This is divisism sown by billionaires of all ages.

We're all in the same cohort, y'all, the find out generation, brought up by the fuck around generation.
posted by seanmpuckett at 5:06 AM on March 7 [19 favorites]


I'm Gen X, and I think for our cohort it's kind of a split. Maybe half (??) of us made the right the financial decisions and were in the right place at the right time (though less so than Boomers to be sure), and are doing a-ok financially, with a nice pension/retirement to look forward to. The other half of Gen X are those of us who made the "wrong" financial decisions, like not buying house when they were cheap, are just as screwed as millenials and Gen Z. More screwed, because we're gonna be too old to work in a decade or so.

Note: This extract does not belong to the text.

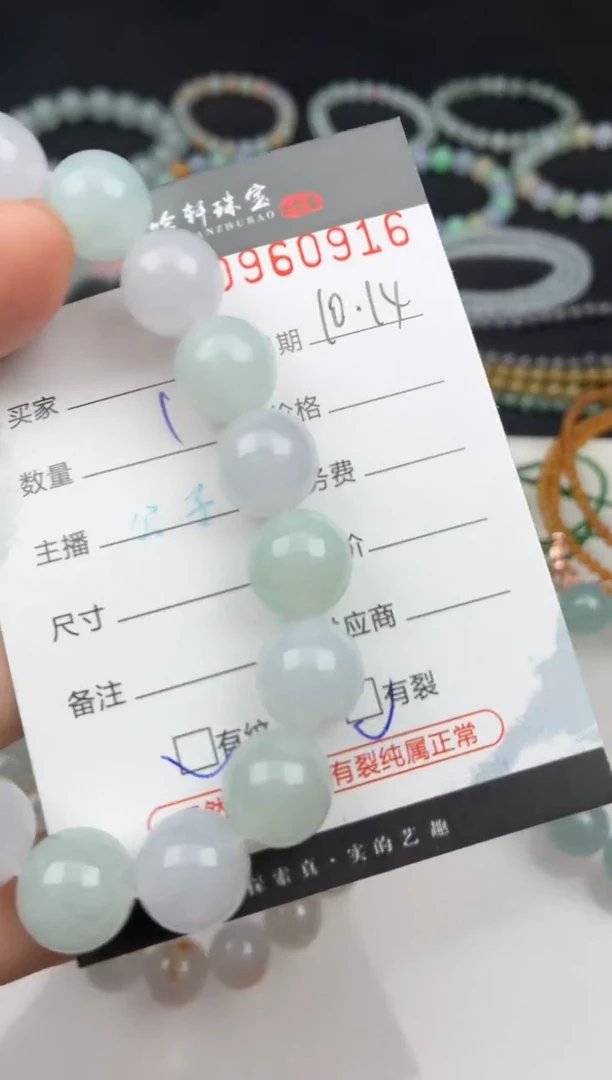 吊坠(不含链)未镶嵌翡翠哈轩  手串1（有纹有裂）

This matches what I see anecdotally around me. People who started with some advantages (like parents who helped pay for their education), didn't end up with crushing student loans, maybe bought a house 15+ years ago, and got onto some kind of career path are doing ok (albeit still with a lot of precarity, especially now that this cohort is starting to have to deal with elder care for their parents). But people who didn't have those starting advantages, or who made financial or job choices along the way that turned out badly, are in a really crappy situation, plus starting to face age discrimination in the workplace.

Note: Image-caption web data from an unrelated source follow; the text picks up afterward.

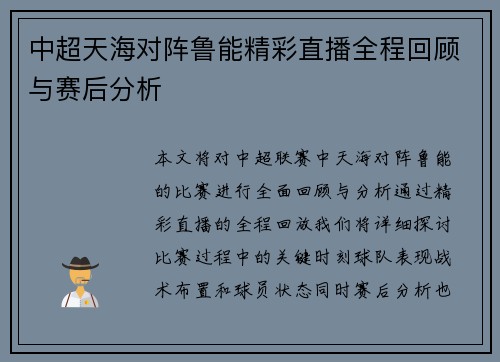 中超天海对阵鲁能精彩直播全程回顾与赛后分析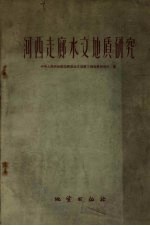 河西走廊水文<em>地质</em>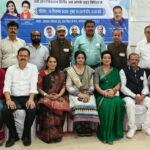 vidisha rotary club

I see sort of the same thing with boomers I know, where the ones for whom things worked out are doing very well (better than the equivalent Gen X person), but plenty are living very financially-constrained lives, with no savings and reliant purely on Social Security and whatever else the formal and informal safety net can provide.
posted by Dip Flash at 5:24 AM on March 7 [7 favorites]

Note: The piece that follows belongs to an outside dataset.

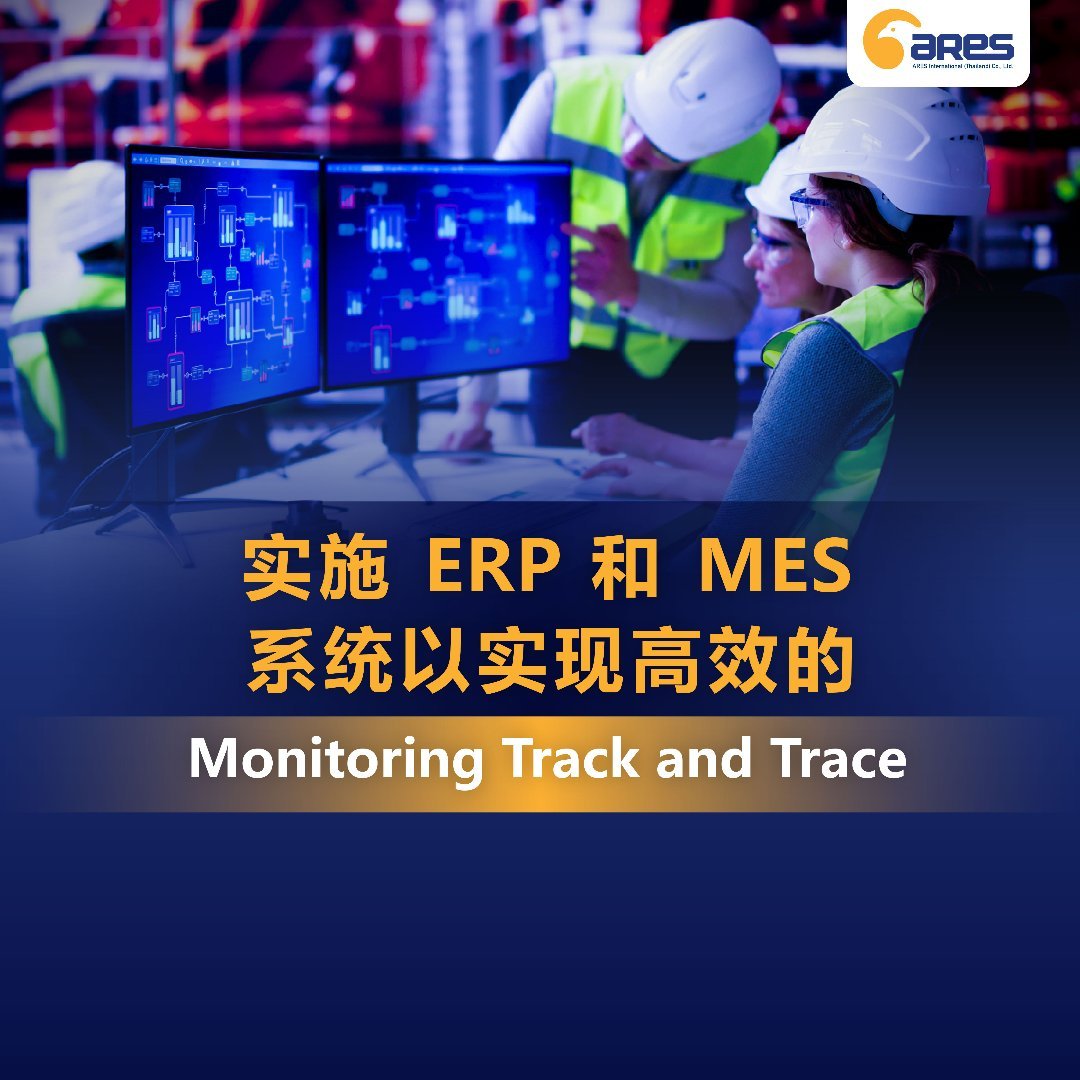 实施 ERP 和 MES 系统以实现高效的 Monitoring Track and Trace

I was born in 76, and I remember a period in the very early days of Gen X being a thing that the lower age cut-off was like 74 or 75 and the upper age cut off for Gen Y was like 1980 and I joked that demographically I did not exist.
posted by thivaia at 5:40 AM on March 7 [13 favorites]


 I joked that demographically I did not exist.
Depends on the definition.
posted by Ashwagandha at 6:09 AM on March 7 [2 favorites]


I remember the NYTimes capitalizing on the Xennial trend a few years back with a quiz purported to help those of us born between about 76 and 83 decide if we feel we’re more X or Millennial.

My favorite comment on the socials about it was something to the effect: “I know I’m GenX because there’s no way I’m taking that fucking quiz.”
posted by heyitsgogi at 6:20 AM on March 7 [18 favorites]


I'm not a Boomer, damnit. We're the first ones that got shafted by them. :)

Yeah, I remember when Boomers were telling me about these things called "pensions" and "retirement".
posted by mikelieman at 6:40 AM on March 7 [11 favorites]


Yeah, I remember when Boomers were telling me about these things called "pensions" and "retirement".

Or, "There's about to be a huge wave of retirements which will create lots of job openings." If that ever happened, it sure wasn't when I was young and looking for work.
posted by Dip Flash at 6:57 AM on March 7 [18 favorites]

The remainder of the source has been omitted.